1968: At 19, Konstantinos ``Gus'' Boulis, a native of Greece, jumps ship in Halifax, Nova Scotia, and begins washing dishes at a Mr. Submarine restaurant. Within six months, he is partner.
1971: While in Canada, Boulis meets and marries Efrosino "Frances," a Greek immigrant. They would separate in 1976, and she would return to Greece and sue for a divorce that was never finalized.
1977: After opening almost 200 Mr. Submarine shops, Boulis sells his interest, moves to Key West and opens a string of restaurants including Perry's, the Quay and Captain Bob's.
1980: Boulis forms a fast-food company that eventually becomes Miami Subs. The company would expand to 16 states, Puerto Rico, Peru, the Dominican Republic and Ecuador.
1994: Boulis founds SunCruz with a single ship in Key Largo. It would become the largest casino ship business in Florida, attracting opposition from the Florida attorney general and the city of Hollywood.

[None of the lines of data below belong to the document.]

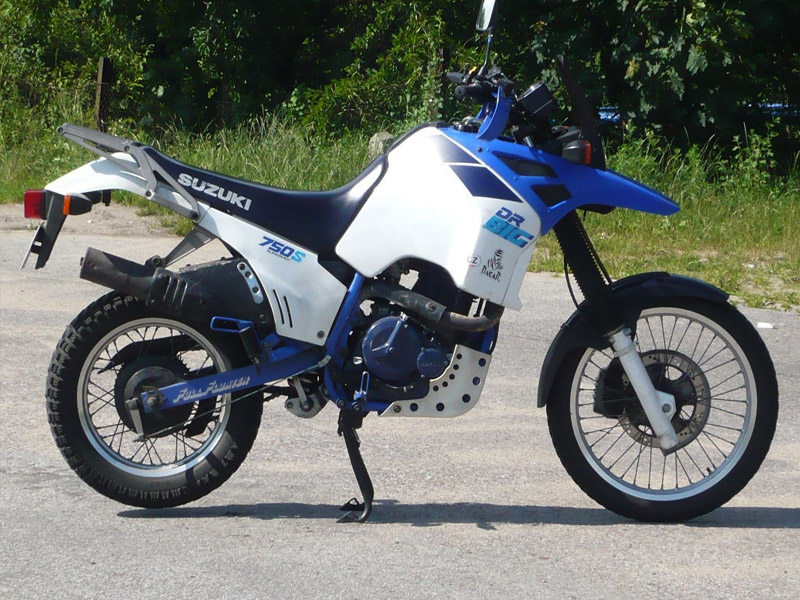 suzuki dr 750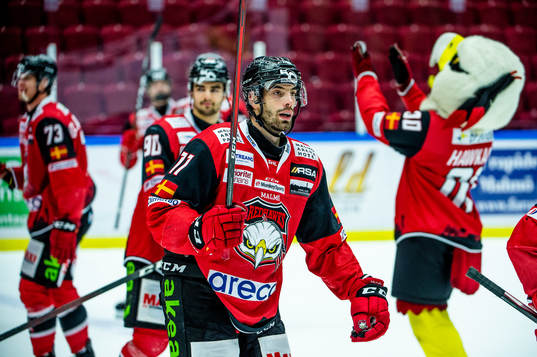 Malmö Redhawks Markus Lauridsen jublar med lagkamraterna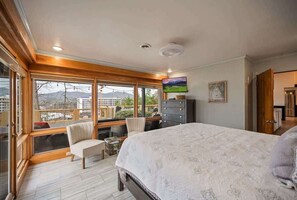 4 bedrooms, iron/ironing board, WiFi, bed sheets - Luxury,HotTub,Game Room,A+Location,Mountain View (Pigeon Forge)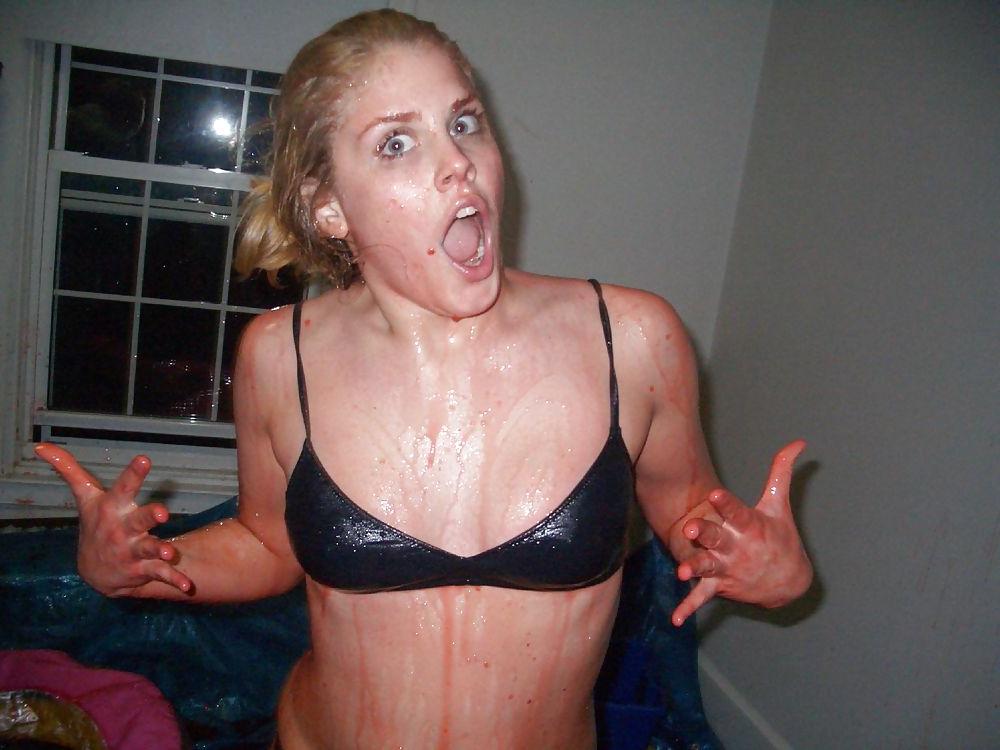 25P Bra Babes 50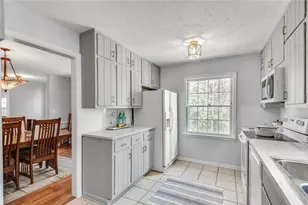 3560 Embry Cir, Atlanta, GA 30341 - Photo 13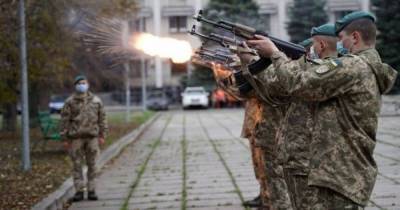 С начала перемирия на Донбассе погибли 16 украинских военных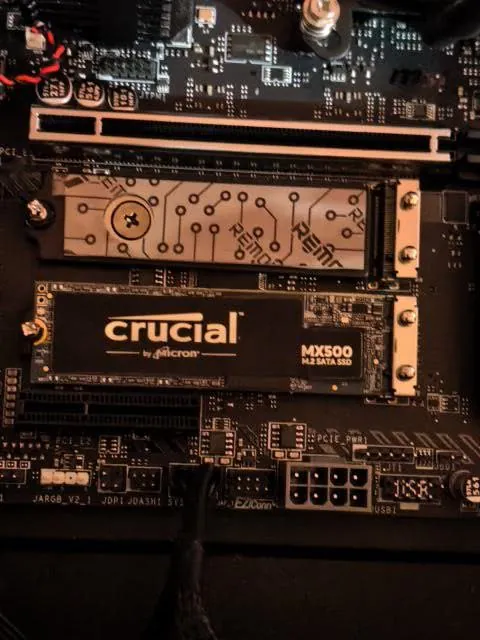 SSD M.2 SATA 500GB — ფოტო 1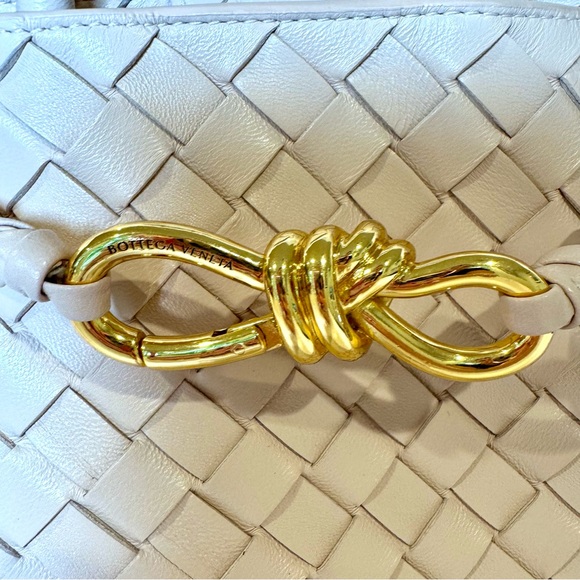 Bottega Veneta Small Andiamo Shoulder Bag In Pink Nude Nappa Intrecciato Leather - Picture 4 of 15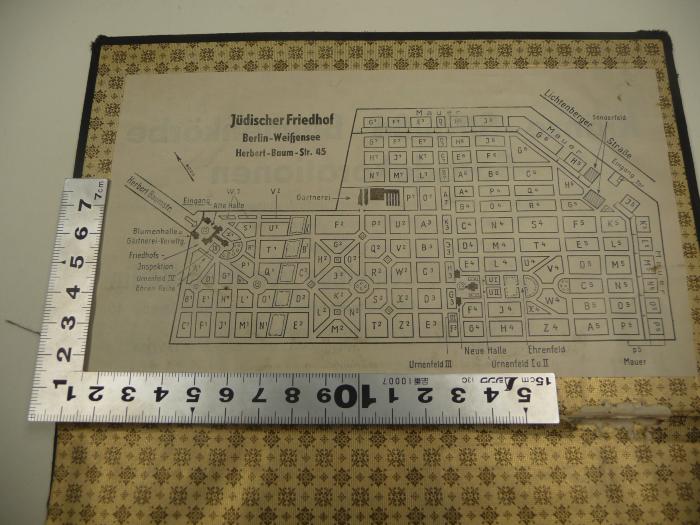 -, Papier: Ortsangabe, Annotation, Notiz; '[Lageplan]
Jüdischer Friedhof Berlin-Weißensee
Herbert-Baum-Str. 45'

February 1997: City of Hollywood negotiates with Boulis to build a high-rise hotel and shops on city-owned beachfront Casino property. The deal is never sealed.
March 1997: Boulis becomes an American citizen.

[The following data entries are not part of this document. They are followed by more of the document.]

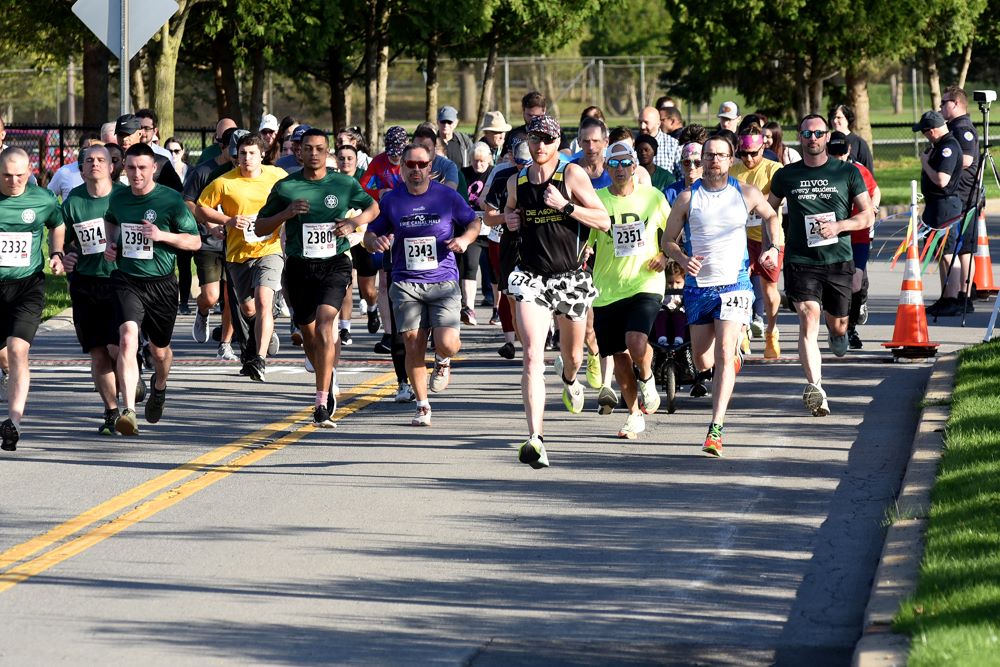 Image of runners at starting line for Ted Moore Run/Walk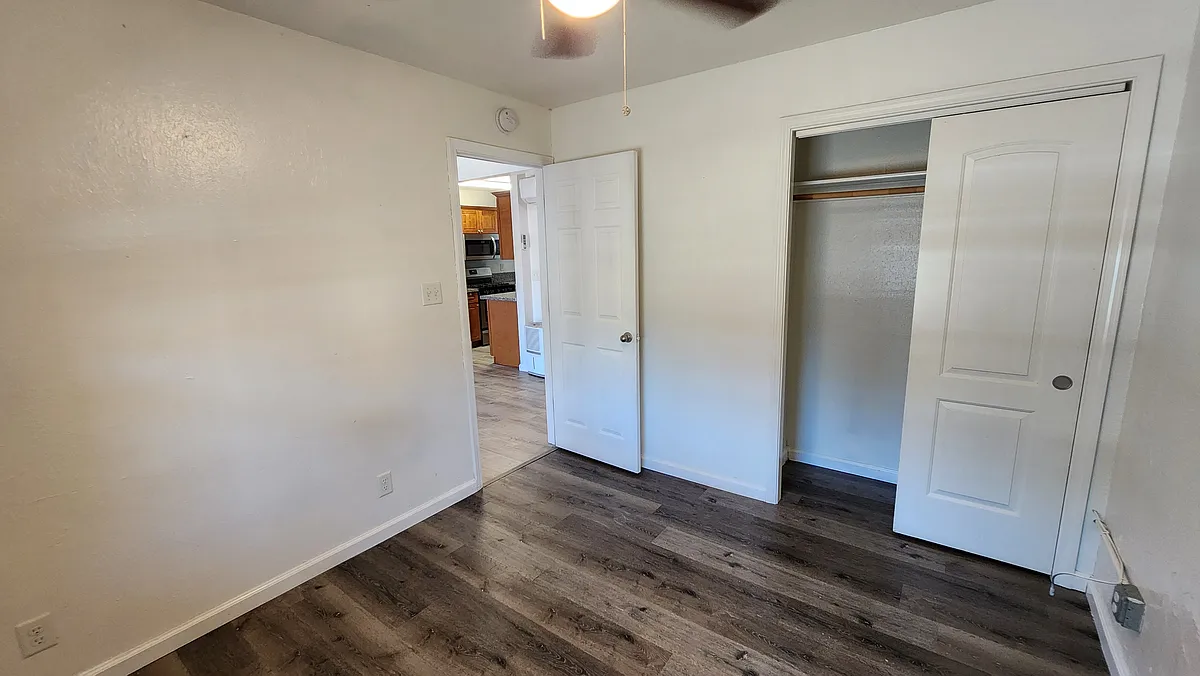 Building Photo - 728 W 1st Ave #111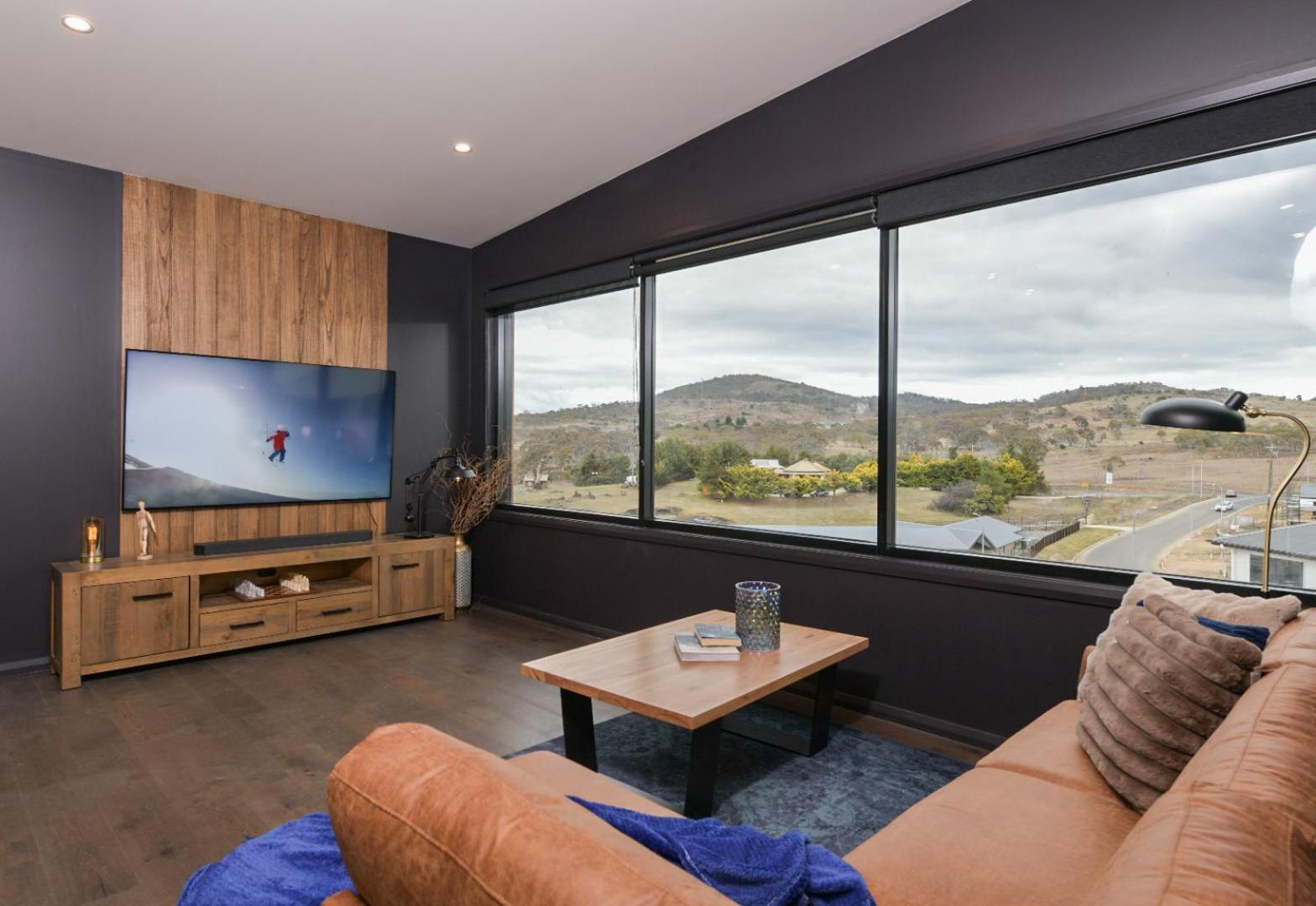 Snowbell - Mountain View, 4BR Modern Detached Home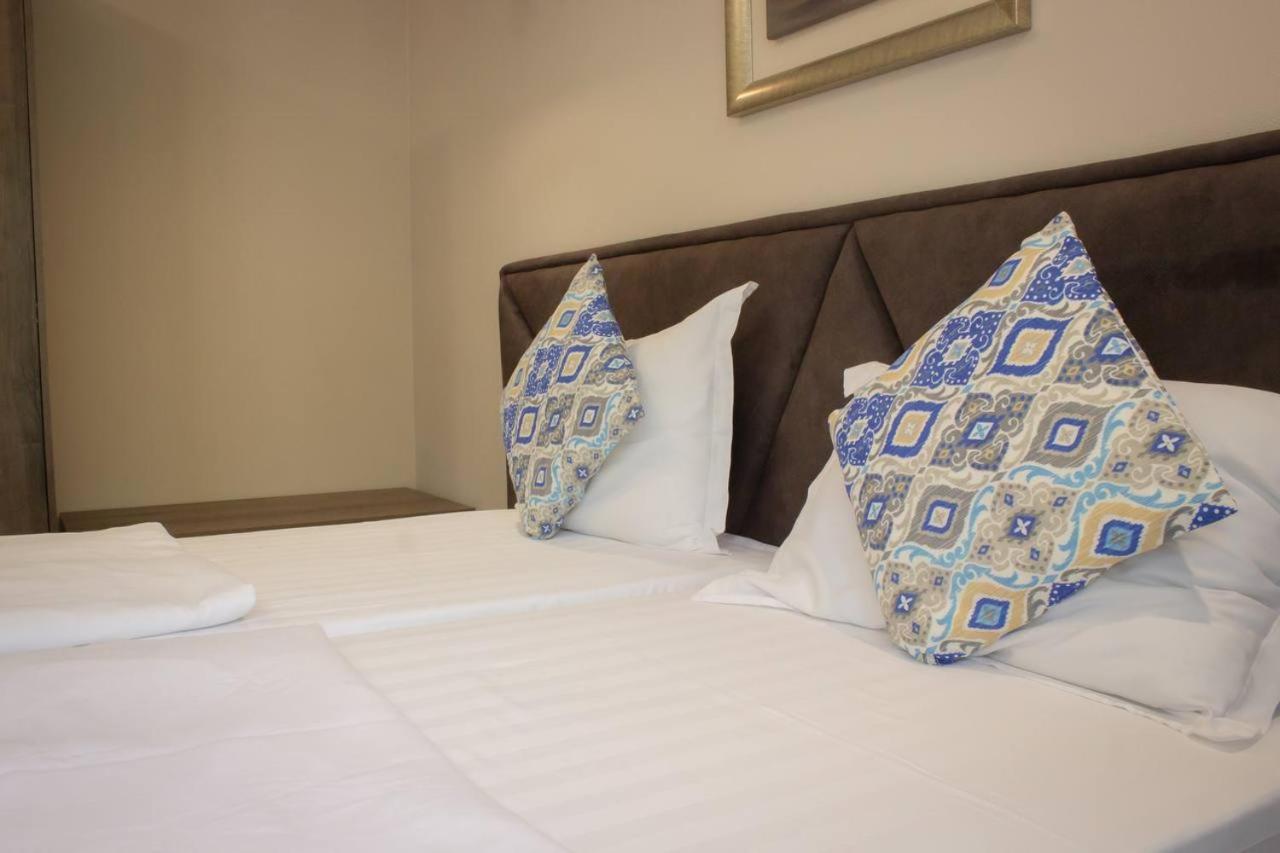Hotel Silk Way Almaty Esterno foto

Aug. 3, 1998: Federal authorities file a sealed, civil complaint against Boulis, alleging he purchased some of his SunCruz gambling boats before he became a U.S. citizen.
Feb. 10, 2000: Case settled; Boulis agrees to divest himself of SunCruz within 36 months and permanently stay out of the floating-casino business.
Sept. 27, 2000: Boulis sells SunCruz to Washington, D.C., players Adam Kidan, Jack Abramoff and Ben Waldman for $147.5 million, following a protracted nine-day closing in Manhattan. Boulis keeps a silent 10 percent interest, accepting a $20 million promissory note in lieu of the $23 million cash down payment. This transaction later becomes the focus of the grand jury's inquiry.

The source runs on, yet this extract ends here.